# SMS language/ chatspeak in English



## AlxGrim

I can understand that writing "b4" instead of "before" saves time, but this Italian youngsters'  habit of writing "ke" for "che" or "nn" for "non" really bothers me...
Can anyone give me more examples of English shortcuts like "b4"?


----------



## jupa

AlxGrim said:
			
		

> This drives me crazy, anyway... I can understand that writing "b4" instead of "before" saves time, but this Italian youngsters'  habit of writing "ke" for "che" or "nn" for "non" really bothers me...
> Can anyone give me more examples of English shortcuts like "b4"?

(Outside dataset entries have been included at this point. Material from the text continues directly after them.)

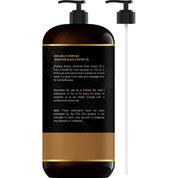 Jamaican Black Castor Oil 28 oz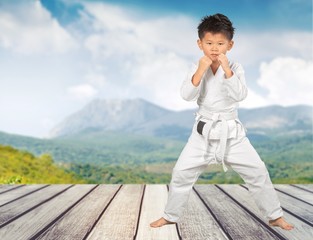 Karate, Child, Tae Kwon Do.
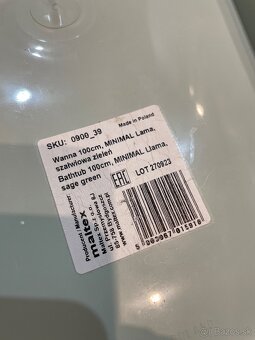 Protišmyková detská vanička Maltex - 5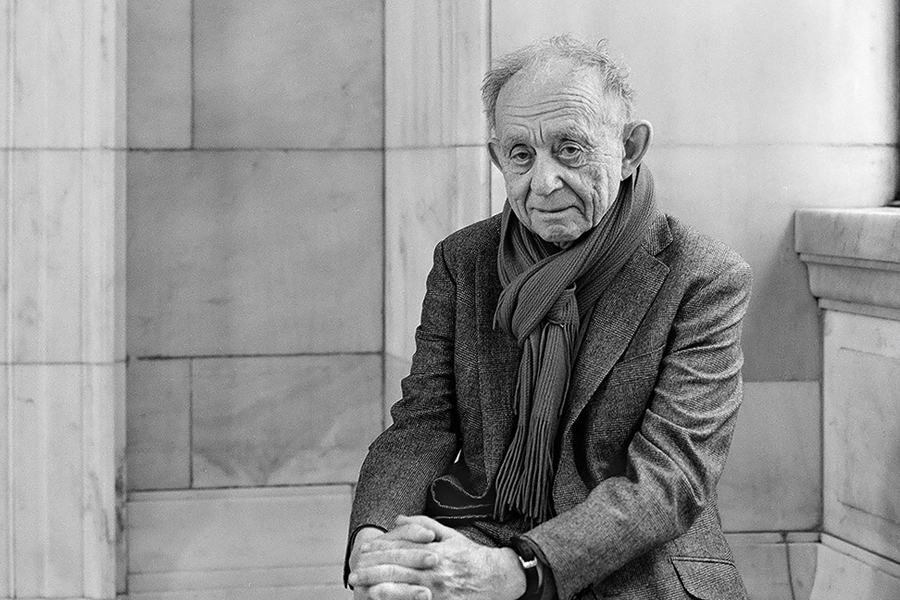 2023 – Frederick Wiseman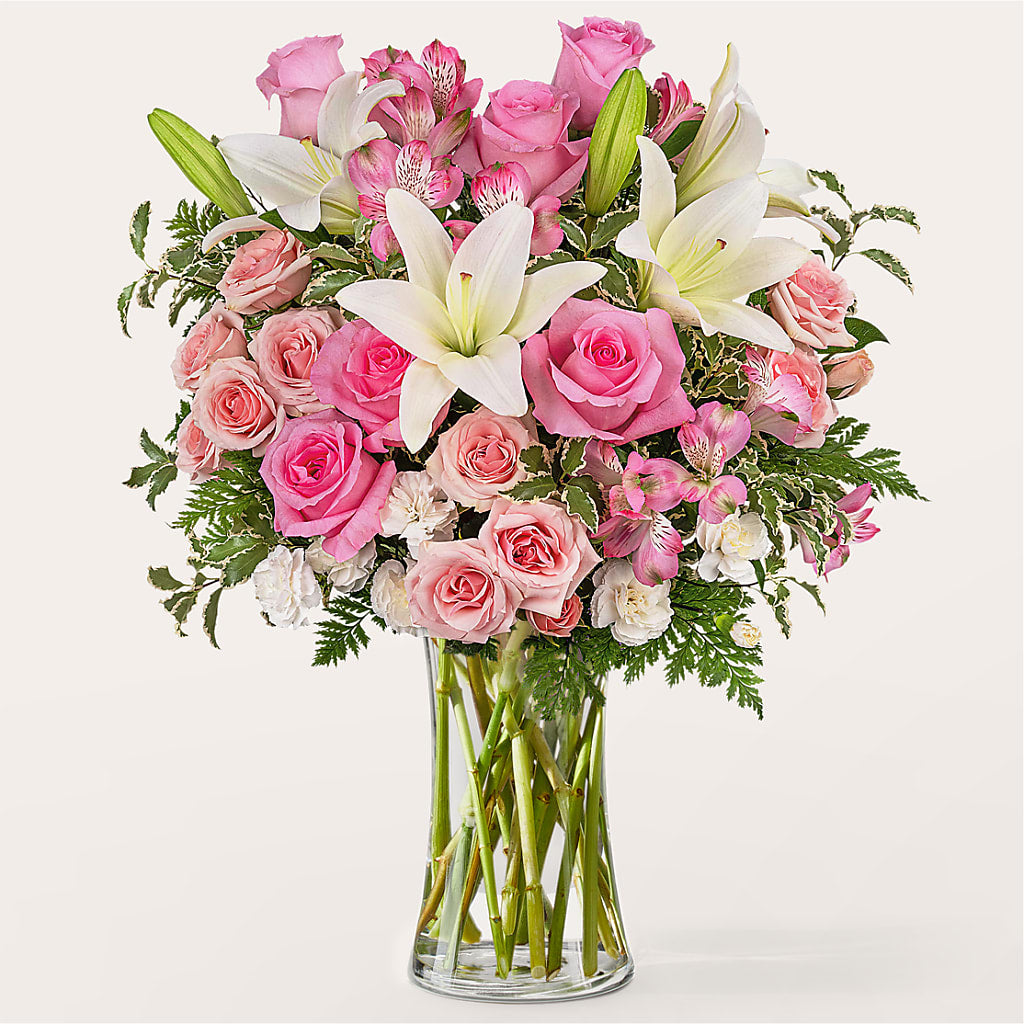 All the Best Bouquet – FLOWERS & GIFTS BY ROBERTS, Pinetops NC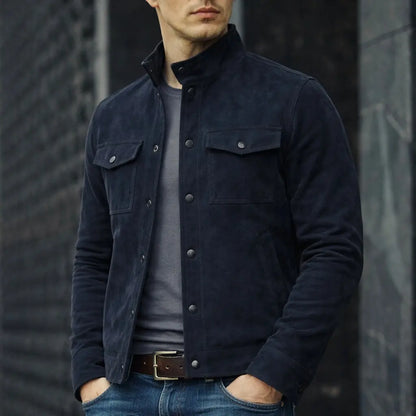 Guardian Jacket - Custom Leathers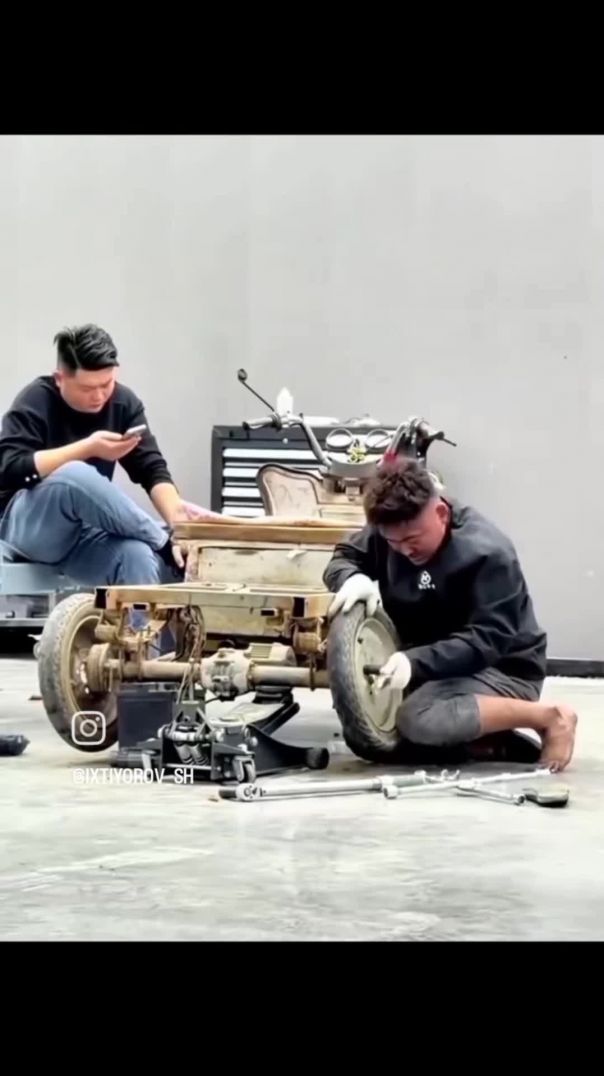 New korea funny video 📸😂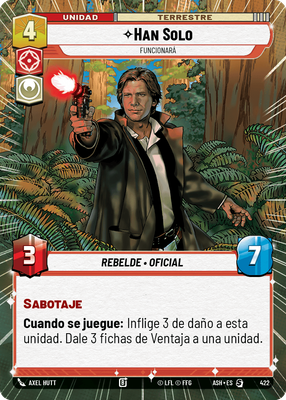 Han Solo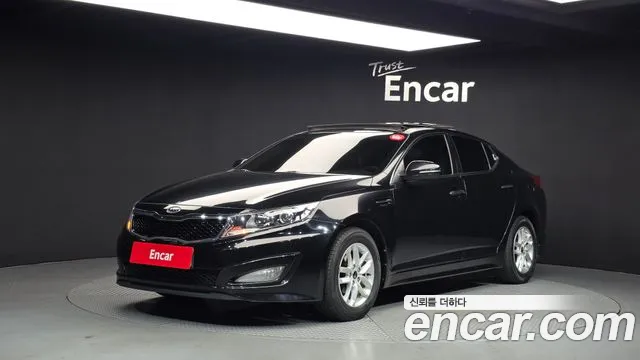 Kia K5 2011 — photo 1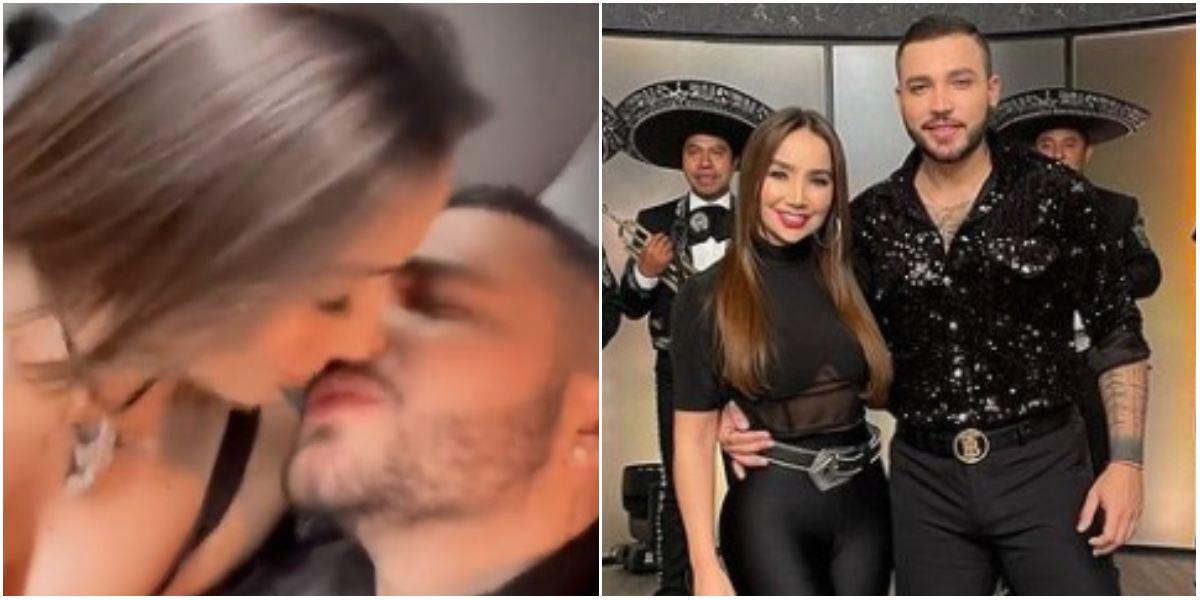 Jessi Uribe y Paola Jara se comprometieron y se van a casar - Canal 1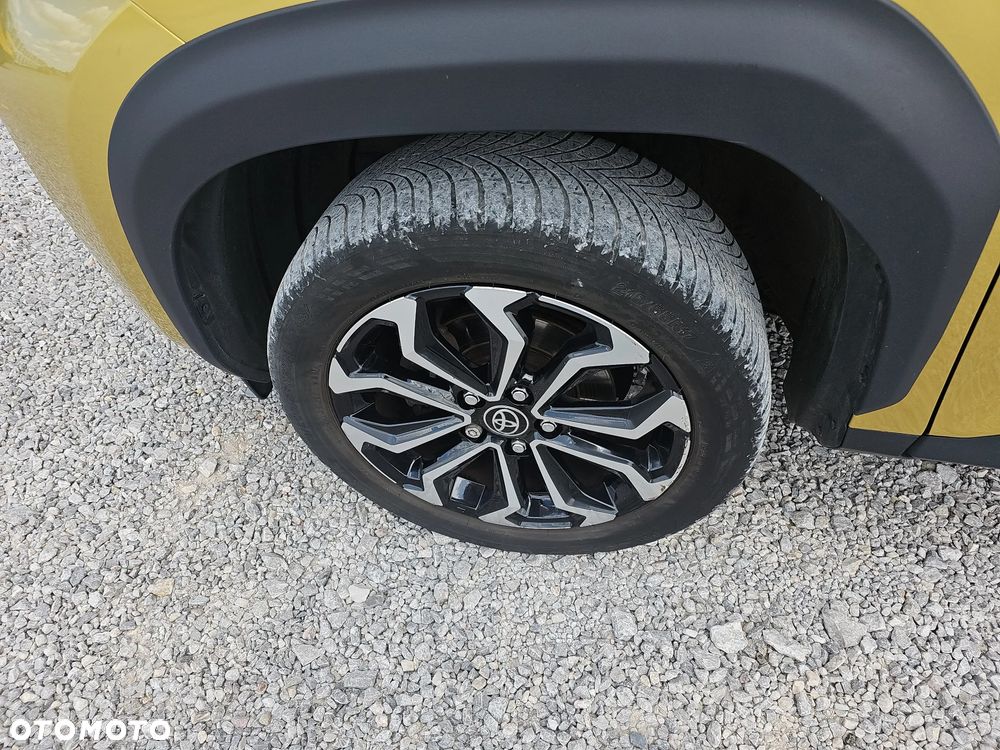 Toyota Yaris Cross - 9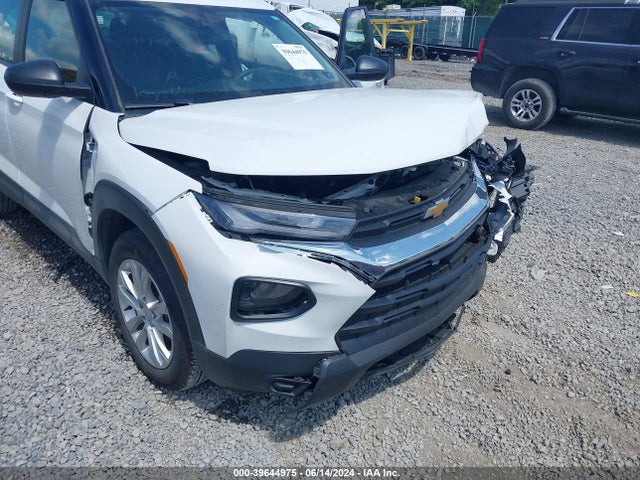 Chevrolet Trailblazer Fwd Ls 2023 KL79MMS29PB194377 Image 6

We have a bunch of these, (mostly acronyms)! 

Later = ltr
Talk to you later = ttyl
By the way = btw
Laugh out loud = lol
probably = prolly ( I HATE this one!)
I don't know = dunno
because = cuz or cos
pictures = pix or pics
you = u


That's all I can think of off the top of my head. However, I found these comprehensive lists here and here. I've actually never seen some of them, but I guess it varies from person to person.


----------



## ElaineG

I h8 any abbreviation involving substituting "ate" with "8", but I see them all the time. C u l8ter. Yuck.


----------



## DesertCat

And, gr8.  

But I don't care for these abbreviations either because it cre8s poor spelling and grammar habits.


----------



## shamblesuk

ne1 (anyone)
Wd (Would)
Cd (Could)


----------



## lsp

@ for "at"
cya = see ya (careful, it also means "cover your ass")
u r = you are
ppl = people
pls = please
rgds = regards
2 = to (also: 2day, 2moro, 2nite)
tx or thx = thanks


----------



## Willi

Here are some in Italian:

nn=non
ke=che
qs=questo, questi, questa etc.
xò=però
xché o x'= perché
cmq=comunque
tvb=ti voglio bene
tvtb=ti voglio tanto bene
cbcr=cresci bene che ripasso (usato anni fa, non so se si dice ancora)
c=ci
c 6?= ci sei?
t tel= ti telefono


----------



## AlxGrim

Willi, quel "cibbicierre" mi ha riportato indietro di QUALCHE anno... )
Per la cronaca, io ogni tanto lo dico ancora.


----------



## Willi

AlxGrim said:
			
		

> Willi, quel "cibbicierre" mi ha riportato indietro di QUALCHE anno... )
> Per la cronaca, io ogni tanto lo dico ancora.


 
HIHIHIHI


----------



## aqidah

xche' (Perche') (why)

XXX (baci) (kisses)

U (you)

TVB (Ti voglio bene) (I love you)


----------



## lsp

aqidah said:
			
		

> xche' (Perche') (why)
> 
> XXX (baci) (kisses)
> 
> U (you)
> 
> TVB (Ti voglio bene) (I love you)


RTWT = read the whole thing (I was reminded of this one because many in your post are duplicates )


----------



## valy822

QNDO= quando (when)
KME= come (how, as...)
UNI= università (university)
MM= mi manchi (I miss you)
TA= ti amo (I love you)

Valy


----------



## luke_77

Great post! I'll write these abbreviation down..   ... CYA guys! eheh


----------



## Alxmrphi

I think one of the most used ones in English has been left out, weirdly:

brb! = Be right back!


----------



## AmoL'italiano

also-
whatcha doin: what are you doing?
and all the ones I had in my original post.

oooh, and 
bbl: be back later
bb in a bit: be back in a bit (in a little while)
yo!: hey!
wtf!: <warn> what the fuck!
stfu!: <warn> shut the fuck up! (rude, rude way of saying be quiet!)


----------



## Victoria32

jupa said:


> We have a bunch of these, (mostly acronyms)!
> 
> Later = ltr
> Talk to you later = ttyl
> By the way = btw
> Laugh out loud = lol
> probably = prolly ( I HATE this one!)
> I don't know = dunno
> because = cuz or cos
> pictures = pix or pics
> you = u
> 
> 
> That's all I can think of off the top of my head. However, I found these comprehensive lists here and here. I've actually never seen some of them, but I guess it varies from person to person.


A couple of others...
TTFN - ta ta for now,
and here, later = l8r! Yes, it's disgusting.. The only one I have ever used is 'u'... 

Vicky


----------



## utente

YMMV -  your mileage may vary

RTFM  -  read the (f...in') manual

IMO  - in my opinion

IMHO  -  in my humble opinion

NTTAWWT -  not that there's anything wrong with that (used as a politically correct phrase whenever somebody says that a person is gay )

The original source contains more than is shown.